While President Donald Trump has a habit of blaming unflattering news on anyone but himself, according to a new analysis from MS NOW, he has seemingly taken responsibility for a recent uptick in inflation, but "in the clumsiest way possible."

After holding back a new jobs report and blaming the recent government shutdown, the Trump administration last week finally released one with a rough outlook on the state of the job market. According to the report's findings, unemployment reached 4.6 percent in November, a level not seen in four years.

Job growth also slowed to a crawl, with the 64,000 new jobs created in November doing little to offset the 105,000 lost in November. In his analysis for MS NOW, network contributor and Rachel Maddow producer Steve Benen said this level of growth had not been seen since the Great Recession.

In his piece from Monday, Benen highlighted a Truth Social post from Trump on Friday morning, in which he seemed admit responsibility for the rise in unemployment, "in the clumsiest way possible," while also misrepresenting key facts and trying to spin the news as not-so-bad.

"The only reason our Unemployment ticked up to 4.5 percent is because we are reducing the Government Workforce by numbers that have never been seen before," Trump's post read. "I wish the Fake News would report the 4.5 percent correctly."

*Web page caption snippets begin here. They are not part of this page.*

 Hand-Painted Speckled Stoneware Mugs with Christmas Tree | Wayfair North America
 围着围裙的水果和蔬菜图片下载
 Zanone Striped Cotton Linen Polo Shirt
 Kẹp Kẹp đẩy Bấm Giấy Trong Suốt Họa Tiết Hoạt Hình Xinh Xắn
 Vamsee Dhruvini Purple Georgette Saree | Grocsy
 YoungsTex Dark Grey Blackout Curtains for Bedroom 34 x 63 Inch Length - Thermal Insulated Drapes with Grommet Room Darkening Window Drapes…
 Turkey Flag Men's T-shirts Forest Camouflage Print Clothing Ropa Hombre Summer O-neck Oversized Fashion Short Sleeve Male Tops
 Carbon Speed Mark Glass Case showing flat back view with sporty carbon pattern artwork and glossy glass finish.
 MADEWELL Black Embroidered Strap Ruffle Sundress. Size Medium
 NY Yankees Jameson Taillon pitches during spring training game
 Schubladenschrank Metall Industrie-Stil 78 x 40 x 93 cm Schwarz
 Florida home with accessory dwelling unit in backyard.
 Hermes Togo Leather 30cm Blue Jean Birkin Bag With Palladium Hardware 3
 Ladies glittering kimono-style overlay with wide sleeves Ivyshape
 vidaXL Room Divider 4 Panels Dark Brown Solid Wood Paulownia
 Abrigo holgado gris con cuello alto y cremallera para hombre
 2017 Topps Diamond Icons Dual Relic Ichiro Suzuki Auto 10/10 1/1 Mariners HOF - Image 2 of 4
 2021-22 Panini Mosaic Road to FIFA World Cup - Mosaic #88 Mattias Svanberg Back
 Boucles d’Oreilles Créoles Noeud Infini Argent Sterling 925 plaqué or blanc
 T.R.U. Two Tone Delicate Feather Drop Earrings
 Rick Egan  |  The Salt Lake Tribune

"And I wish the president could describe reality correctly," Benen wrote. "In this case, he misstated the unemployment rate (it’s 4.6 percent, not 4.5 percent), and the rate increase is not solely the result of losses in public-sector employment."

Trump seems keen on this particular spin, Benen noted, as he later repeated it in a White House address. He also later claimed during an event in North Carolina that the laid-off government workers were moving on to jobs in the private sector. Benen punctured this argument as well, noting that private sector hiring in 2025 could "charitably be described as anemic."

"If private-sector job growth were soaring, the White House might be able to argue that the administration’s calculus was part of a coherent economic strategy, in which workers shifted from one sector to another," Benen wrote. "To be sure, this wouldn’t be a great argument — government employees are doing work that needs to be done that isn’t done by private businesses — but it would at least be worth some discussion. But job growth in the private sector can charitably be described as anemic in 2025, and it’s been especially awful since April, after the president announced his 'Liberation Day' trade tariffs."

The Wall Street Journal editorial board came to similar conclusions in a recent piece, blaming Trump's "willy-nilly" tariff policies for causing manufacturing job growth to slowly wither away as companies become hesitant to invest in the US.